Start war Fehlkonstruktion
Doch der Start ab dem Jahre 1998 war eine Fehlkonstruktion. Denn jede Telefongesellschaft konnte selbst entscheiden, zu welchen Preisen sie zu 0700 verbinden wollte. Die Preise reichen heute von 6 Cent pro Minute (zur Nebenzeit) über 12 Cent (zur Hauptzeit) aus dem Festnetz der Telekom bis hin zu 69 Cent pro Minute aus verschiedenen Mobilfunknetzen, teilweise im 60-Sekunden-Takt. Der nicht mehr existierende Anbieter E-Plus verlangte bis zu seinem Ende sogar 99 Cent pro Minute (Minutentakt) ohne rot zu werden.
0180 ist geregelt, 0700 nicht
Zwar wurde bei vielen Sondernummern und den damit verbundenen teuren Warteschleifen amtlich eingegriffen, was zum weitgehenden Verschwinden der lange Zeit bei Hotlines beliebten Vorwahl 0180 geführt hat. Nur bei 0700 fehlt bis heute eine verbindliche Regulierung.

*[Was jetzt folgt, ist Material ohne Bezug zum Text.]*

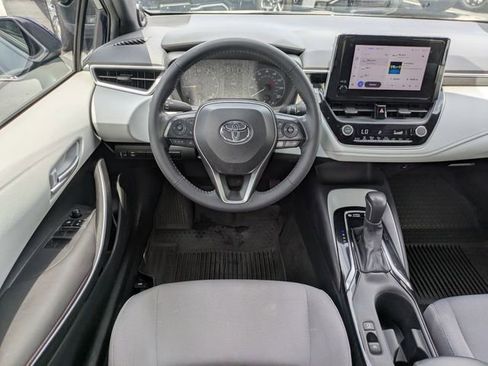 Used 2023 Toyota Corolla SE w/ SE Premium Package FWD image 15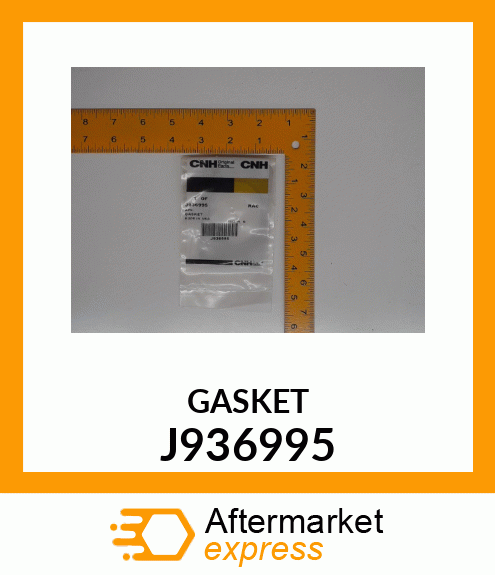 GASKET J936995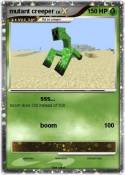 mutant creeper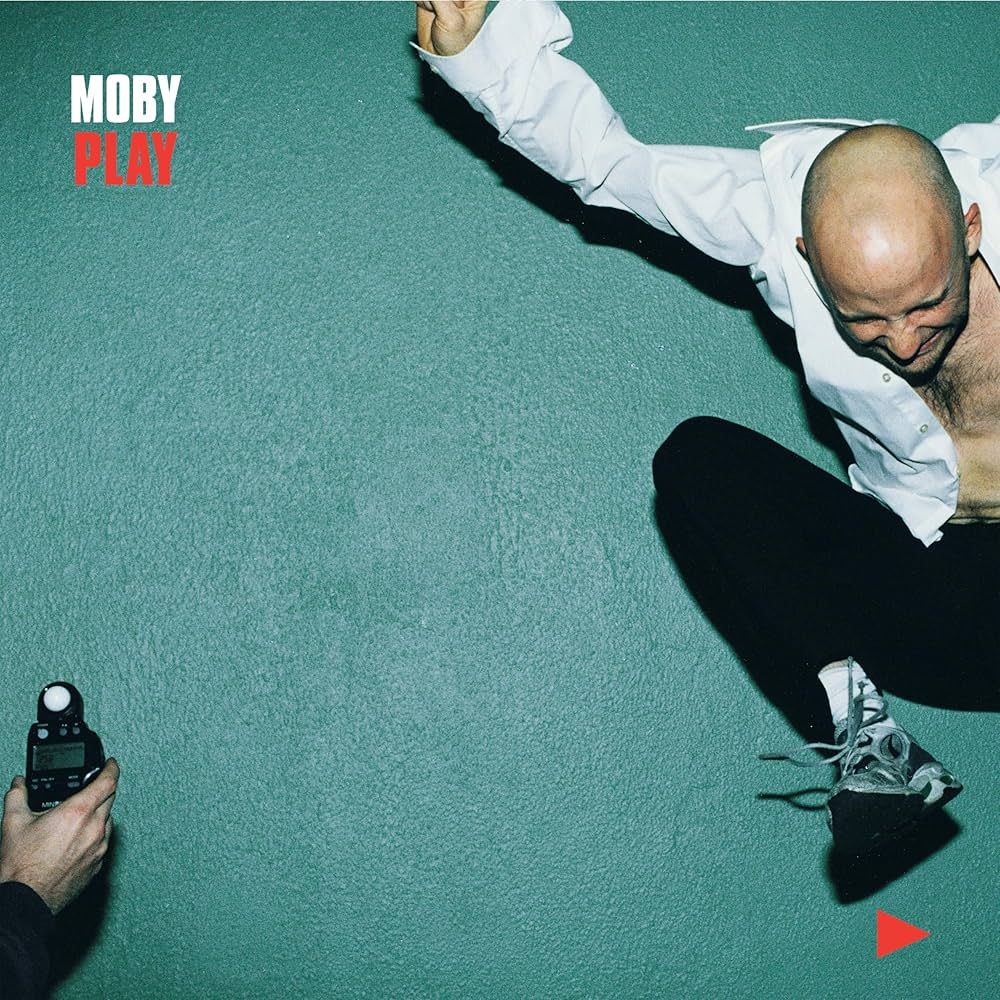 MOBY - PLAY (2LP) виниловая пластинка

So müsste man regulieren, dass 0700 kostenseitig mit Verbindungen zu regulären Rufnummern im Festnetz gleichzustellen ist. Dann wäre für die Anrufer alles prima, bis auf wenige Anbieter, die ihren Kunden eine "Auszahlung" versprochen haben, wenn die Anrufe über die 0700-Rufnummer reinkommen. Das Verdienen an ankommenden Anrufen ist ein Geschäftsmodell bei TV-Spielshows oder "kostenlosen" Konzerten im Radio, die Auszahlungen reichen von 2 bis 5 Cent die Minute. TV-Sender nehmen gerne die dafür vorgesehene Vorwahl 0137.
Nur noch wenige Anbieter von 0700-Rufnummern
Die Zahl der Anbieter, bei denen man eine 0700-Rufnummer schalten lassen konnte, ist in den letzten Jahren stark gesunken. Nun wurde eher zufällig bekannt, dass der größte Anbieter im Markt, die Deutsche Telekom, sich vom Angebot von 0700-Rufnummern für ihre Kunden bis zum Jahresende trennen will.
Vorwahl 0700 bleibt erhalten, aber...
Der Ausstieg der Telekom bedeutet nicht, dass die Vorwahl 0700 generell abgeschaltet wird, sondern nur, dass die Deutsche Telekom selbst ihren Kunden keine 0700-Rufnummern mehr zur Verfügung stellen will. Von der Mehrwertdienste-Vorwahl 0900 hatte sich die Telekom schon im Jahre 2011 getrennt, weiterhin wird sie wohl die Vorwahlen 0800 und 00800 anbieten (hier der Anrufer zahlt nichts, der Angerufene dafür alles).
Ende "aus wirtschaftlichen Gründen"
Die Deutsche Telekom will ihren Kunden ab Jahresende keine 0700-Rufnummern mehr anbieten.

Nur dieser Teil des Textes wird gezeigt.